• [Record set]
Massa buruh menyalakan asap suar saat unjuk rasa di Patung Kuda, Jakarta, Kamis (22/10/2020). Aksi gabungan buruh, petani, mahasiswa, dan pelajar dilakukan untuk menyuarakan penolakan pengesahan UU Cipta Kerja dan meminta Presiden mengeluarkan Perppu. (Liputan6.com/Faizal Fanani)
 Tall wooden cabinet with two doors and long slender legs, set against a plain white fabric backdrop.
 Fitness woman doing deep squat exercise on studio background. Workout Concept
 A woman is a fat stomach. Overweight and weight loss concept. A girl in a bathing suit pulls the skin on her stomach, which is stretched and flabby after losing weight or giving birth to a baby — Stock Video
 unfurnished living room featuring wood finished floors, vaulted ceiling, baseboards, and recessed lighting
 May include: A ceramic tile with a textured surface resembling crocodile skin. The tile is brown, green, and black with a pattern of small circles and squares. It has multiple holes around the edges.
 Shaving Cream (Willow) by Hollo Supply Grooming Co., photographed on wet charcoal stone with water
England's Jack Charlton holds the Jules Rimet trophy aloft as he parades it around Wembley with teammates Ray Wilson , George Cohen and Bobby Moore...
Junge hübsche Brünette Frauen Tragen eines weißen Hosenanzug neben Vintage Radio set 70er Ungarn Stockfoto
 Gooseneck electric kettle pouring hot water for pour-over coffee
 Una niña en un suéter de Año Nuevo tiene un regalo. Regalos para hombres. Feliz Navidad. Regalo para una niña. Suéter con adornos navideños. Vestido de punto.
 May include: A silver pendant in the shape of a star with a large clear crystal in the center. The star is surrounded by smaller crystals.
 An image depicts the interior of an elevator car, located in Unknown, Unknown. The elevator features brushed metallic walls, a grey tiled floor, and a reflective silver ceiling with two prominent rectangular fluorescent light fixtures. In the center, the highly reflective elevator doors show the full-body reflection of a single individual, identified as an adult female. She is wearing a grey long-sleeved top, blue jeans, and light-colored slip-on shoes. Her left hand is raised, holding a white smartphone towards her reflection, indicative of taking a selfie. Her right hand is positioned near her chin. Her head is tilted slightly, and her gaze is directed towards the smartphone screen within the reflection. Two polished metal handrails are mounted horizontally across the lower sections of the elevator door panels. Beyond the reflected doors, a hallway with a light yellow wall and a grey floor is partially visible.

• [Task statement]
Return a word-for-word copy of the lines from the beginning of the listing to the line holding "England's Jack Charlton", both kept.

• [Solved problem]
Massa buruh menyalakan asap suar saat unjuk rasa di Patung Kuda, Jakarta, Kamis (22/10/2020). Aksi gabungan buruh, petani, mahasiswa, dan pelajar dilakukan untuk menyuarakan penolakan pengesahan UU Cipta Kerja dan meminta Presiden mengeluarkan Perppu. (Liputan6.com/Faizal Fanani)
 Tall wooden cabinet with two doors and long slender legs, set against a plain white fabric backdrop.
 Fitness woman doing deep squat exercise on studio background. Workout Concept
 A woman is a fat stomach. Overweight and weight loss concept. A girl in a bathing suit pulls the skin on her stomach, which is stretched and flabby after losing weight or giving birth to a baby — Stock Video
 unfurnished living room featuring wood finished floors, vaulted ceiling, baseboards, and recessed lighting
 May include: A ceramic tile with a textured surface resembling crocodile skin. The tile is brown, green, and black with a pattern of small circles and squares. It has multiple holes around the edges.
 Shaving Cream (Willow) by Hollo Supply Grooming Co., photographed on wet charcoal stone with water
England's Jack Charlton holds the Jules Rimet trophy aloft as he parades it around Wembley with teammates Ray Wilson , George Cohen and Bobby Moore...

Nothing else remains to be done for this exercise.